The approach I took to my design was part math, part EM theory, and part just toying around.

First of all since dipole antennas are linearly polarized and have no end fire pattern so it can neither receive nor transmit from the ends of the antenna. Typically you mount the dipoles with the wire ends pointing up and down in the z axis such that your nulls are located towards the ground and towards the sky. Conceptually your radiation and reception pattern looks something like a donut on a stick where the stick is the dipole antenna pointing up in the middle. I suppose if you wanted to pick up someone transmitting above your head in the next floor above you might want to mount the dipole in the x or y direction since in the z direction that transmission would be in the dipole null so you can’t receive it.

I say cant receive lightly since we all know that there is a nice boundary between math and the real world that makes things that shouldn’t work sort of work. The concept is you get very high signal losses at the ends I suppose would be the way to phrase it.

anyways,

One thing worth mentioning is dipoles are not frequency independent and in fact they are very frequency selective so your dipole will only work well for one particular frequency. In terms of impedance matching and relative ease of construction and calculation I would recommend creating a disk cone or if you can deal with impedance matching issues at least a folded dipole because the overall results from a dipole are somewhat bleak at least I would think for a scanning application.

That aside, if you want to mess around and create one here is how I constructed mine.

I first started off by taking the frequency, at which I wanted to build the dipole at and I calculated the wavelength by taking the phase velocity of free space and dividing it by the frequency.

aka

Wavelength = (phase velocity)/(frequency)

In the case of the phase velocity of free space most people use 3*10^(8) also known as the speed of light but there is a equation to calculate it and this is a must if you create your own balun.

Also I found that phase velocity is one of those equations that is found easily in a RF book but not so quickly found on Google search and it is defined as

phase velocity = 1/((relative permeability)*(permeability of free space)*(relative permittivity)*(permittivity of free space))^(1/2)

in which

relative permeability is generally 1 for most easy RF related things

permeability of free space is 4*pi*10^(-7)

relative permittivity will vary depending upon the material it is 1 for free space

and the permittivity of free space is defined as 8.854*10^(-12)

Once you know the wavelength of the signal your trying to design a dipole around, typically dipoles are half-wave dipoles because for example if you created a full wavelength dipole the current distribution on the wire at the signal input would be theoretically zero at the middle of the antenna since the current distribution of a dipole is sinusoidal and if you recall a sine function will go to zero at intervals of pi thus at the middle of the antenna the current becomes zero.
so if you use ohms law to look at your input impedance

resistance = voltage/ current

Anything divided by zero approaches a infinite value so in a nutshell your antenna looks like a open circuit to your scanner or transmitter which I suspect might be a bad thing if all the power got reflected hence why full wave dipole antennas are not used.
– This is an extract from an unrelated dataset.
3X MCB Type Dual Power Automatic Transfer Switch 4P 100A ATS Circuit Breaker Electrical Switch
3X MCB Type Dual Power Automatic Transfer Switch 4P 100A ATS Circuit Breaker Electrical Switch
So the next thing I did was divide my wavelength by 2 to get my total half-wave dipole length and then I divided my total dipole length by 2 to get the individual length of each element of my dipole antenna.
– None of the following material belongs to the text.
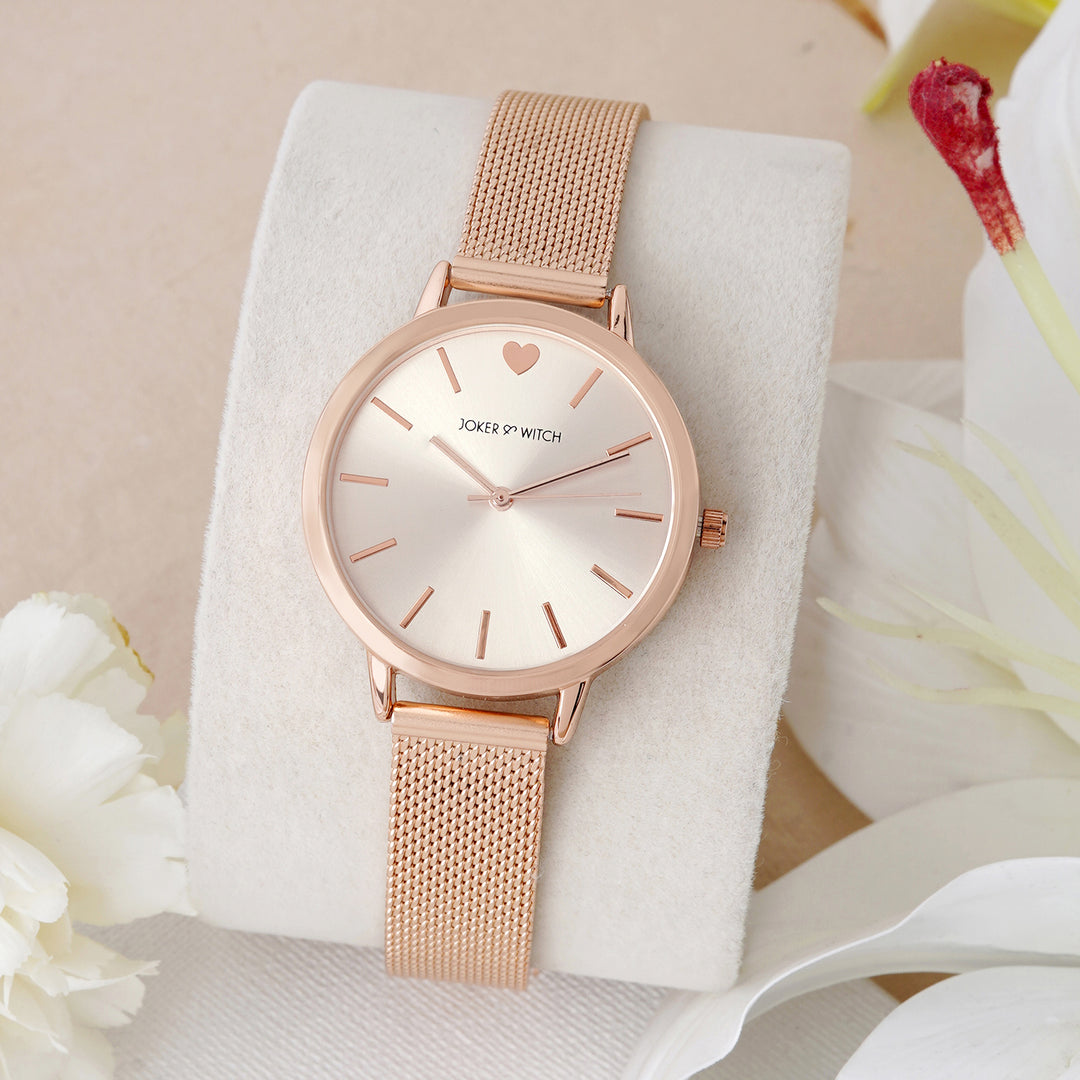 Twelve O'Heart Rose Gold Medium Dial Mesh Strap Women's Watch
I also subtracted a small amount of space from each individual dipole length to allow for a gap between each dipole element and It has always been recommended to me to make the gap length as small as possible as you will invalidate the current distribution assumption thus getting a unknown impedance if you make the gap too large which could be rather bad.
It is assumed that a dipole antenna will have a input impedance on the order of 73 ohms with some imaginary component thus to reduce the imaginary component trimming back the half wavelength to something slightly below a half wavelength is not a bad idea as it will reduce the imagery component.

After that I cut some wire I mounted my dipole to an insulator which was pvc pipe in my case since metal in the near field would mess up the antenna pattern. Also wire thickness is somewhat important since if you make the wire too thick you once again change the assumed current distribution thus changing the input impedance.

At this point I took some solid wire and created a homemade twisted pair cable to feed my dipole antenna. The reason why I hooked up a twisted pair cable to my dipole antenna rather than coming straight out of the balun was to prevent higher order EM effects from propagating on the antenna since the twisted pair cable only supports TEM propagation thus by feeding the antenna with a short twisted pair wire the antenna should only operate in TEM mode. Some impedance issues with this aspect of my design could arise since separation determines intrinsic impedance of a parallel transmission line, in my case the spacing from the wire insulation twisted together just happened to work out to be near 70 ohms which is around the input impedance of the dipole antenna.
Now whether or not you gain any real benefit from TEM mode only is questionable, in theory higher order effects can be rather troubling if not accounted for but sometimes easy is always better so it’s a personal call really.


After that I took some 75 ohm coax cable and created a balun by first obtaining the relative permittivity of the coax cable which for my cable was polyethylene, I then calculated the wavelength using this permittivity instead of free space.
After that I found the half wavelength of the coax and cut off a piece of coax cable that length. I then connected both the grounds together and the center connections together of the half wavelength coax to the remaining coax cable that would connect to my scanner.

At this point I connected the end of the half wavelength coax to one side of the twisted pair and the other feed coax to the other twisted pair which were connected to my dipole antenna.
Fundamentally I had an antenna upon which one element had an additional piece of coax while the other element of the dipole did not have this additional length. The goal of the homemade balun was to shift the desired frequency by 180 degrees in order to differentially drive the dipole antenna.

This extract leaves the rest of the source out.